O günün Malatya’sında Türk, Ermeni, Kürt,  Zaza, Arap, Gürcü, Avşar, Laz, Çerkez  her kim varsa dosttu, cenazede, düğünde, bayramlarda beraberlerdi. Biri öbürünü davet ederdi akşam sofrasına, güzel gününe.  Sadece bir tas çorbayı, bir dilim ekmeği bölüşmekle kalmazlardı. Acılarını ve mutluluklarını kardeşçe dostça bölüşürlerdi. Çok kültürlü çok dilli olmanın her türlü güzelliğini sergilerlerdi. Birinin hatasına öbürü hoşgörü ile yaklaşırdı. Kız almış, kız vermiş akraba olmuşlar.

Bakın daha  işçi göçüyle birlikte Avrupa’da (45 yılda) göçmen azınlıklar içinde yeni çok renkli, çok kültürlü ve çok dilli bir edebiyat ve sanat boy verdiği için kendilerine çok kültürlü çok dilli toplumlar diyorlar. Çünkü biliyorlar ki  sanat bir iletişim aracıdır. Dil, kültür, edebiyat ve sanat toplumun yeni atılımlara götürecek olan hareketin temel niteliği olarak da önemli bir rol yüklenir. Burada dil ve kültür kendine özgü düşünceyi anlatım biçimiyle ve estetiğiyle aynı zamanda eskiyen çürüyen kendi kökenine karşıda yıkıcı, temizleyici, arındırıcı bir görevi üstlenmektedir. Bireysel duygu ve heyecanı toplumsallaştırmaya dönüşmesindeki etkileyiciliği de buradan kaynaklanmaktadır.

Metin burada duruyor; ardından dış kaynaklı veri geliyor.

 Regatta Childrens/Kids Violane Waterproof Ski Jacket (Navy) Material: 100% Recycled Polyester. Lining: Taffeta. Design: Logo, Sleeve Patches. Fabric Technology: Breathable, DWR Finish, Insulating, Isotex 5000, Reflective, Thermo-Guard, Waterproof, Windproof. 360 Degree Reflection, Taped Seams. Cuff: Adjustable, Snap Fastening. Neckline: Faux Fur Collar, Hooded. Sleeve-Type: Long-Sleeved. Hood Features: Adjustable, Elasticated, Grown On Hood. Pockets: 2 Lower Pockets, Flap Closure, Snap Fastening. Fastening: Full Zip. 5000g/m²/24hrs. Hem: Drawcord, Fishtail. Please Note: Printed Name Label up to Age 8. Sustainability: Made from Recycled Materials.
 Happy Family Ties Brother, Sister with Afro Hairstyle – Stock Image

Bu nedenledir ki bugün özellikle içinde yer almak istediğimiz AB ülkeleri kendilerini "çok dilli, çok kültürlü toplum" olarak tanıtıyor ve gururlanıyorlar. Bu ülkelerin çoğuna 1960 yıllarından bu yanı işçi göçü ile bir çok dil ve kültür geldi, yerleşmeye başladı. Oysa Anadolu topraklarında binlerce yıl içinde onlarca farklı medeniyet yaşanmış. Bugünkü çok kültürlülük çağdaşlaşmanın anası olduğunu söylersek hiçte abartmamış oluruz. Anadolu kültürü Avrupa, Asya ve Afrika’nın büyük bölümlerini içine alan yüzlerce farklı toplumların binlerce yıllık dil ve kültürünün bir mozaiğini kendi bünyesinde birleştirmiş, geniş bir zenginliğe sahiptir. Evrensel kültürlerin örnek bir oluşumunu sergilemektedir. Türkiye’nin kültür ve sanat adamları dünyada ki bir çok ülkenin sanat ve edebiyat adamlarından daha şanslıdır. Çünkü daha geniş bir malzemeye sahiptir Türkiyeli yazarlar, sanat, bilim ve ticaret adamları da bu birikimi taşımaktalar.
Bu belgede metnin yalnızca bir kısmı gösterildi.